- _What is expected_:
Return only the lines running from the top of the entries to the line with "Hawksbill Turtle over Coral Reef", inclusive, exactly as written.

· · · · · · ·

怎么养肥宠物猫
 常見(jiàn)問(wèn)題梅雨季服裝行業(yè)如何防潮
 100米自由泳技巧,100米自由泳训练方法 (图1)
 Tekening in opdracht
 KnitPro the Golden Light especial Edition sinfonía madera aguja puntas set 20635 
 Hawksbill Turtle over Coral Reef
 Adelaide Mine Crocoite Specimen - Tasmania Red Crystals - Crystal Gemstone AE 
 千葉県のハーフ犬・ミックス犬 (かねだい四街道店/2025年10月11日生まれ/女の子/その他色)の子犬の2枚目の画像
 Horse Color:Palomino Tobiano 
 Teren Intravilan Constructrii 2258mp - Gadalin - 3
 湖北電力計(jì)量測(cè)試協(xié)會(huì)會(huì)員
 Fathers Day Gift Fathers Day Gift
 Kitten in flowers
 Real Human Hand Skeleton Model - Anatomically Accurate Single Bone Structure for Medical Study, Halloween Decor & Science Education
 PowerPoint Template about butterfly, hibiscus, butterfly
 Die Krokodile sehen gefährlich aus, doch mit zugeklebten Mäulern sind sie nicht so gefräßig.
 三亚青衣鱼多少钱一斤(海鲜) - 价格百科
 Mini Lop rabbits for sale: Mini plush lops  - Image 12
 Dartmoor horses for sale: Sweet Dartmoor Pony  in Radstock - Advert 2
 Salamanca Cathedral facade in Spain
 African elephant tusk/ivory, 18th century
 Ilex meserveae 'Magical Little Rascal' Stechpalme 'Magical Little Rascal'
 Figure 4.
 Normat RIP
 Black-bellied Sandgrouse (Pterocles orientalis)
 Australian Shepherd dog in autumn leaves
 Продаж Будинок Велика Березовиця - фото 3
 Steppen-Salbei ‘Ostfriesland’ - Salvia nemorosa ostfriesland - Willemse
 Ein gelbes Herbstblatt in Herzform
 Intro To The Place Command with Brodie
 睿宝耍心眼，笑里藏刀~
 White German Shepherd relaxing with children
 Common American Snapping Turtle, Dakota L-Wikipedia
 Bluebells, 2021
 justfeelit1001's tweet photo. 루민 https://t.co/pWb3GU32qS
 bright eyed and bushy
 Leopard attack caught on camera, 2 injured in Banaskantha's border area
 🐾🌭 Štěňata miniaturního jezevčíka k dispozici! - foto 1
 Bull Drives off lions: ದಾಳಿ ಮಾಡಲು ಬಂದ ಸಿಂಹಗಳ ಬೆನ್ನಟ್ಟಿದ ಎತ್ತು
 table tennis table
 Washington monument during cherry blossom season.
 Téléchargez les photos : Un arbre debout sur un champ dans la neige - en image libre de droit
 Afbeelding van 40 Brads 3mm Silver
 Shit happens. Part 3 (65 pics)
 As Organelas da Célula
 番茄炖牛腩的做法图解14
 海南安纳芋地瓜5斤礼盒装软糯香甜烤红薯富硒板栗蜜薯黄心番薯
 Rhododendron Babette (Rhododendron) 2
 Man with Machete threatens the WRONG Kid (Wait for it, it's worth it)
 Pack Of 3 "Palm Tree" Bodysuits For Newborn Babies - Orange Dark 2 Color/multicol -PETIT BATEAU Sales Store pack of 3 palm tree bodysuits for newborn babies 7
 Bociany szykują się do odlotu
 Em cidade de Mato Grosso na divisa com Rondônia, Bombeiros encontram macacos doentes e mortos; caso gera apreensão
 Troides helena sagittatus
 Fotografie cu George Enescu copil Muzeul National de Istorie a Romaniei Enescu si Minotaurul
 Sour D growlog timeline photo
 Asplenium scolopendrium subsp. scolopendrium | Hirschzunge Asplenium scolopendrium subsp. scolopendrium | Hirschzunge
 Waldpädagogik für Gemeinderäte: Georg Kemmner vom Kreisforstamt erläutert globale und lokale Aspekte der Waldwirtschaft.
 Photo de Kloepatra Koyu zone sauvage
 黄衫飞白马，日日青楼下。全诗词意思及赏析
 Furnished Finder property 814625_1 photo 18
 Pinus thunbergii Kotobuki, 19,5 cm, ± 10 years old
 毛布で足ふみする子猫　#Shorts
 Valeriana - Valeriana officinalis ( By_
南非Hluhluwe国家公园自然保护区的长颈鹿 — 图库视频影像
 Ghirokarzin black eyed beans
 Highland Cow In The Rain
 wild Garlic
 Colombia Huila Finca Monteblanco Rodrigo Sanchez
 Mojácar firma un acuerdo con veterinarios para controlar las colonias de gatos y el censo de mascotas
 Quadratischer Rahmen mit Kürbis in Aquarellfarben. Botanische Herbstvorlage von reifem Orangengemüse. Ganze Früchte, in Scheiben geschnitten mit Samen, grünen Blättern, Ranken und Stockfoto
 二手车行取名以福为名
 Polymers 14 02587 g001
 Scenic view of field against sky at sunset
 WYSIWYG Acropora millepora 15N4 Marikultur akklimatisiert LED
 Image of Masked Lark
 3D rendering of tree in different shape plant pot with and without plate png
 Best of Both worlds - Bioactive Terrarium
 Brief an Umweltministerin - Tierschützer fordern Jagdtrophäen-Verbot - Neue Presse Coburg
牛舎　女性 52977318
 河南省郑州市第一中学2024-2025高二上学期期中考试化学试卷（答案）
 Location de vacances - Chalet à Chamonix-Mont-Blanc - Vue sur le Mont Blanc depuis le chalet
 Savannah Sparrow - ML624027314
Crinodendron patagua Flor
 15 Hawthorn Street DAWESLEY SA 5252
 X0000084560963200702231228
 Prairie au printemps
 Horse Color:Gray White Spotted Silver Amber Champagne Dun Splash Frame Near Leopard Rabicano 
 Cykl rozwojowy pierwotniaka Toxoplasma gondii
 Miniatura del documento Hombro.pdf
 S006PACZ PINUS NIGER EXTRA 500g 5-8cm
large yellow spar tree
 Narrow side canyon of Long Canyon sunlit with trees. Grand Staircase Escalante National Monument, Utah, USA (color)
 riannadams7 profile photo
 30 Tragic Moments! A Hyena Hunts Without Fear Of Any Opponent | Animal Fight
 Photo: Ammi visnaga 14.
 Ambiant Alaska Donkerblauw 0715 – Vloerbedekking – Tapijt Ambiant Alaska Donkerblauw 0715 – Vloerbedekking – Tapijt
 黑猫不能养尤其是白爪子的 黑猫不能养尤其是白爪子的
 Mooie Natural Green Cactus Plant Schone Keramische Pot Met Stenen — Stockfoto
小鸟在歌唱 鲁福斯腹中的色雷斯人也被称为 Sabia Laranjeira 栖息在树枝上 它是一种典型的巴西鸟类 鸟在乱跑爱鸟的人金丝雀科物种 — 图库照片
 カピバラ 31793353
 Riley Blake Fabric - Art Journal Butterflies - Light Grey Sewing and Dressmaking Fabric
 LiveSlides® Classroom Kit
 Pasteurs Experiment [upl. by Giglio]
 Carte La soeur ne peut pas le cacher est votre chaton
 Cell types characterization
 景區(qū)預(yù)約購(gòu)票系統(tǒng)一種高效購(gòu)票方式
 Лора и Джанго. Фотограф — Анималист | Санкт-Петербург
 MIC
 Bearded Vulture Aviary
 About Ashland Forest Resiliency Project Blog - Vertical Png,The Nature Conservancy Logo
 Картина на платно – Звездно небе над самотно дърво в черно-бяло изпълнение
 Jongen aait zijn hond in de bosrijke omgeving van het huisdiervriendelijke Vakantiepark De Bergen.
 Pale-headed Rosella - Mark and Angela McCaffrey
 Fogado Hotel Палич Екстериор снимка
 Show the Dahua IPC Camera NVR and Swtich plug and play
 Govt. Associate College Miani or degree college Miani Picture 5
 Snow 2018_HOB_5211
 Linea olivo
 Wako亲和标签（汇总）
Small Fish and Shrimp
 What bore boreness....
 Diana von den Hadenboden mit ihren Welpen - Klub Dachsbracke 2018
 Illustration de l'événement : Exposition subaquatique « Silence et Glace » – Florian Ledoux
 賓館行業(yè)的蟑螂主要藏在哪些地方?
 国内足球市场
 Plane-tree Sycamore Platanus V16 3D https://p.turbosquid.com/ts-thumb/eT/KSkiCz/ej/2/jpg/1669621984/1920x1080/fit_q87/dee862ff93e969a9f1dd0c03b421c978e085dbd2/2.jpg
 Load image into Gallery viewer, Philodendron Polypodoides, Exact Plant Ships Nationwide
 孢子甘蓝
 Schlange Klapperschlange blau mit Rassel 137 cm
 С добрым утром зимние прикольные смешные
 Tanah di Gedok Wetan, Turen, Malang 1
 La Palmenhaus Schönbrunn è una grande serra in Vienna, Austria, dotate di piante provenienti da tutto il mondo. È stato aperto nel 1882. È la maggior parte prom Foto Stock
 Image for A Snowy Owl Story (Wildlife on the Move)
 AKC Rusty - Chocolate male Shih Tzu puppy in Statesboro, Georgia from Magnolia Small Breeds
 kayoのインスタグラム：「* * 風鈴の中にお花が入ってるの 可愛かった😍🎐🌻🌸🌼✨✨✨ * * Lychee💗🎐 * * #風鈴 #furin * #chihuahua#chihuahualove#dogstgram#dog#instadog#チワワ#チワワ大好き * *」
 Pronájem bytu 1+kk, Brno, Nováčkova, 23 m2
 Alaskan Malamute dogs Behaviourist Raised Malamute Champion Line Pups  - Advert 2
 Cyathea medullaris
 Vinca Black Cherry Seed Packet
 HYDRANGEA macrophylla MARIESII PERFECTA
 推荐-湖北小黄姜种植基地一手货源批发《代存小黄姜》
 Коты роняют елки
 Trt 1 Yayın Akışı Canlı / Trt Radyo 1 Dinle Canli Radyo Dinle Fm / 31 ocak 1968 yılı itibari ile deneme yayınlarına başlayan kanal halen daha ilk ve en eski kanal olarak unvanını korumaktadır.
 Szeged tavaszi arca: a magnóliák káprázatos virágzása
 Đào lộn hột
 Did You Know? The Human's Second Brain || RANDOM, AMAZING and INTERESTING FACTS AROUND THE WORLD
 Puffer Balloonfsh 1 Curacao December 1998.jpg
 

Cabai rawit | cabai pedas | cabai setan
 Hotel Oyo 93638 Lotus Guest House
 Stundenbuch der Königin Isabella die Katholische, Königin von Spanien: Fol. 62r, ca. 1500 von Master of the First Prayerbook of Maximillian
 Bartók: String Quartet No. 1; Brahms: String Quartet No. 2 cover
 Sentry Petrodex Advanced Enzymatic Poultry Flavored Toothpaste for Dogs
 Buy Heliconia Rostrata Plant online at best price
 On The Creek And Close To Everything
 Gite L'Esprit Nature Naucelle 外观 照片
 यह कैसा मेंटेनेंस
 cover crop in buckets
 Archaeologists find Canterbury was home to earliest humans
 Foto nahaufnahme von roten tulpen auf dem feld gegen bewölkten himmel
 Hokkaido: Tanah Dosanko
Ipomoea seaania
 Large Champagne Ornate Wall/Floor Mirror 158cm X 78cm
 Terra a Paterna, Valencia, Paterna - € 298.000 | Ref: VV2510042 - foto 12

· · · · · · ·

- _Solution_:
怎么养肥宠物猫
 常見(jiàn)問(wèn)題梅雨季服裝行業(yè)如何防潮
 100米自由泳技巧,100米自由泳训练方法 (图1)
 Tekening in opdracht
 KnitPro the Golden Light especial Edition sinfonía madera aguja puntas set 20635 
 Hawksbill Turtle over Coral Reef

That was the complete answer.